The diffusion generator is built on the SD1.5 U-Net, initialized from a DMD2-pretrained one-step text-to-image model. LoRA layers are used for adaptation, enabling fast convergence while preserving generative priors. Training uses randomly cropped 512 or 1024 patches with the AdamW optimizer. MaskGIT serves as the teacher for semantic distillation in Stage I, and a multi-step SD1.5 model serves as the teacher for diffusion distillation in Stage II.

Key Experimental Results

Main Results

BD-Rate Comparison (MS-COCO 30K, OneDC as anchor at 0%)

Method Enc. Time (s) Dec. Time (s) LPIPS DISTS FID
MS-ILLM (VAE) 0.14 0.17 138.3% 253.0% 478.4%
DiffEIC (multi-step) 0.32 12.4 305.0% 239.1% 341.0%
PerCo (SD) (multi-step) 0.58 8.80 538.8% 345.8% 59.6%
DiffC (multi-step) 3.9~15.6 6.9~10.8 234.0% 196.1% 690.9%
OneDC (one-step) 0.15 0.34 0.0% 0.0% 0.0%

Key Metric Comparisons - vs. DiffC (Kodak, LPIPS): BD-Rate savings of 55.27% - vs. PerCo (MS-COCO 30K, FID): BD-Rate savings of 39.55% - Decoding speed: OneDC 0.34s vs. DiffEIC 12.4s = 36× speedup

Ablation Study

Semantic Conditioning Ablation (CLIC2020, BD-Rate %)

Configuration DISTS FID Note
No semantic conditioning 44.0% 45.1% Severe quality degradation; confirms criticality of conditioning
Text conditioning 24.2% 36.3% Improved but inferior to hyperprior
Hyperprior conditioning 20.7% 24.3% Clear advantage of spatial alignment
Hyperprior + semantic distillation 0.0% 0.0% Distillation further improves semantic accuracy

Training Domain Ablation

Configuration DISTS FID Note
Pixel domain only 11.4% 51.8% Grid artifacts present
Latent domain only 60.7% 37.1% Color shift present
Mixed domain (full) 0.0% 0.0% Balances fidelity and realism

Key Findings

  • Removing semantic conditioning causes quality degradation of up to 44% BD-Rate, demonstrating its indispensability in one-step diffusion—a sharp contrast to its optional role in multi-step diffusion settings.
  • Hyperprior conditioning shows a particularly pronounced advantage on high-resolution images (CLIC2020), where text descriptions fail to capture complex local visual details.
  • Semantic distillation endows the hyperprior with semantic representational capacity comparable to that of a generative tokenizer, yielding significant improvements in object-level reconstruction accuracy.

Highlights & Insights

  • This paper advances a compelling argument: multi-step diffusion sampling is unnecessary for image compression decoding. This insight stems from the fundamental distinction between compression and generation—the compressed latent already encodes structural information, and the decoder need only reconstruct high-frequency details.
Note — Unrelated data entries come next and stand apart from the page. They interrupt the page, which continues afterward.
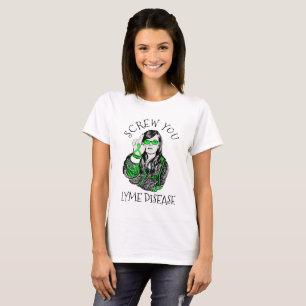 Screw You Lyme Disease Shirt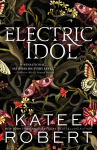Electric Idol: A Divinely Dark Romance Retelling of Psyche and Eros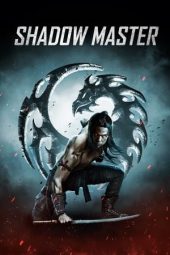 Nonton Film Shadow Master (2022) Terbaru Nonton Film Shadow Master (2022) Terbaru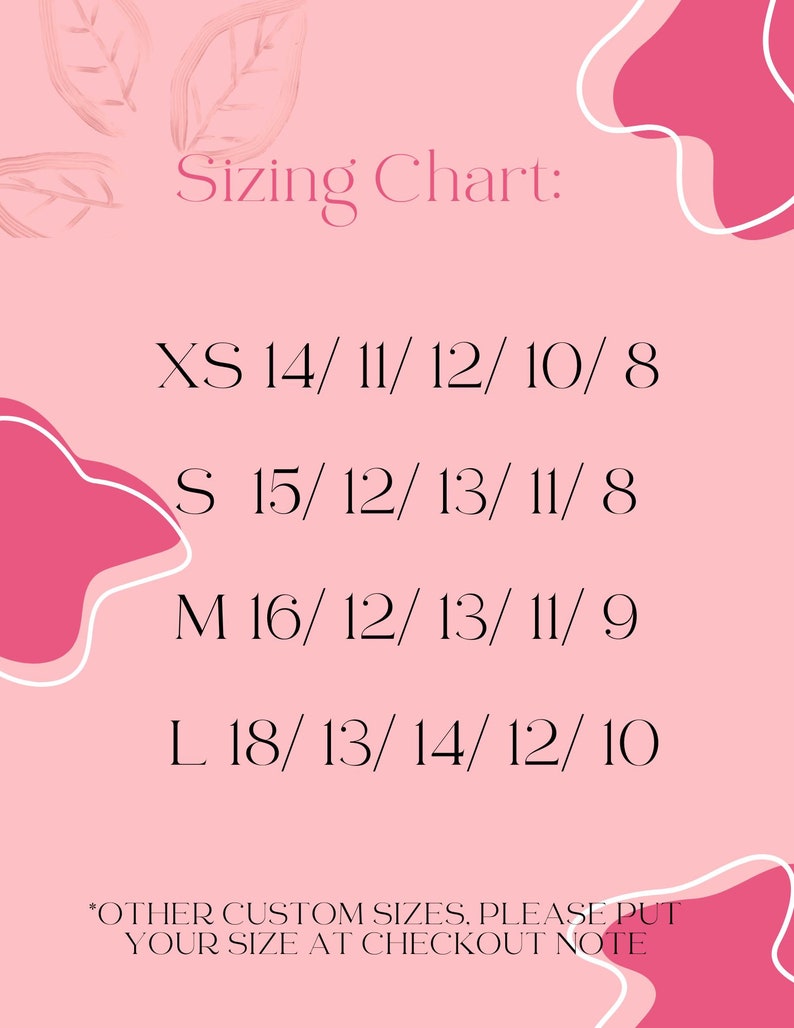 May include: Sizing chart for clothing with measurements in inches. XS: 14/11/12/10/8, S: 15/12/13/11/8, M: 16/12/13/11/9, L: 18/13/14/12/10.  *OTHER CUSTOM SIZES, PLEASE PUT YOUR SIZE AT CHECKOUT NOTE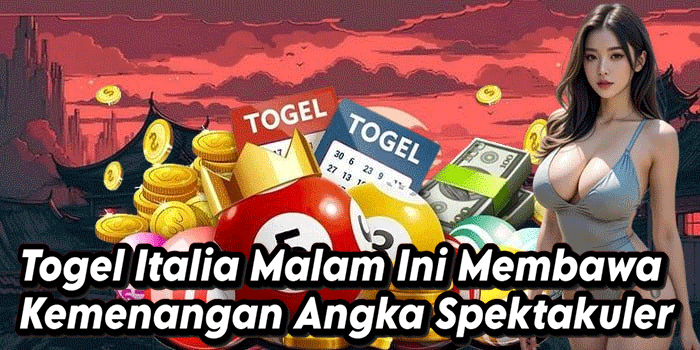 Togel Italia Malam Ini Membawa Kemenangan Angka Spektakuler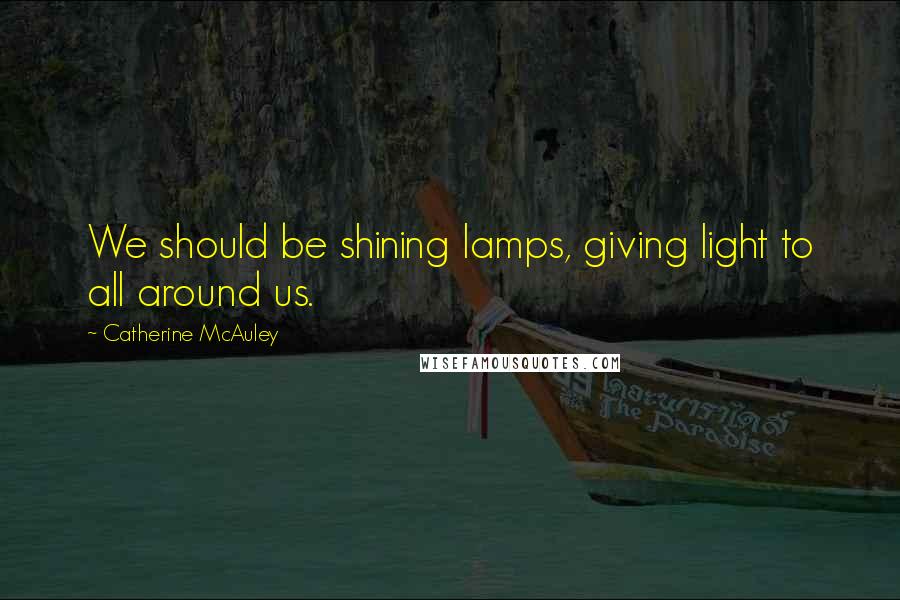 Catherine McAuley Quotes: We should be shining lamps, giving light to all around us.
One-step diffusion not only dramatically accelerates decoding but also avoids error accumulation across multi-step sampling.
  • The "three-in-one" design of the hyperprior is particularly elegant: (1) it already serves as the entropy model parameter required for compression, incurring zero additional transmission overhead; (2) it acquires semantic capacity through FSQ; (3) it is further enhanced through distillation. The entire design adds no inference-time computation, introducing only a lightweight distillation component during training.

Limitations & Future Work

  • While the 0.34s decoding time represents a 20×+ speedup over multi-step methods, it does not yet meet real-time requirements; further model distillation and architectural optimization are needed.
  • The current SD1.5-based U-Net backbone may benefit from upgrading to more powerful diffusion architectures (e.g., SDXL, SD3).
  • Video compression scenarios remain unexplored; the temporal consistency of one-step diffusion across video frames warrants future investigation.
  • vs. DiffEIC: DiffEIC uses multi-step diffusion with VAE latent conditioning and concludes that text conditioning is optional. OneDC finds that in the one-step setting, semantic conditioning becomes necessary—overturning DiffEIC's conclusion.
  • vs. PerCo: PerCo relies on a large BLIP2 model to generate text descriptions, introducing significant computational overhead. OneDC's hyperprior conditioning incurs zero additional transmission cost and supports end-to-end optimization.
  • vs. GLC: GLC's observation that the hyperprior can capture semantic information inspired this work; OneDC further leverages it as diffusion conditioning and strengthens it through distillation.

Rating

  • Novelty: ⭐⭐⭐⭐⭐ First one-step diffusion compression framework; the design chain of hyperprior-as-conditioning and semantic distillation is complete and innovative.
  • Experimental Thoroughness: ⭐⭐⭐⭐⭐ Evaluated on three datasets (Kodak/CLIC2020/MS-COCO), with multiple metrics and convincing ablation studies.
  • Writing Quality: ⭐⭐⭐⭐⭐ Clear logic; the argumentative chain from observation to hypothesis to method to validation is highly coherent.
  • Value: ⭐⭐⭐⭐⭐ Introducing one-step diffusion to image compression carries significant practical importance; 39% bitrate savings and 20× speedup represent substantial engineering contributions.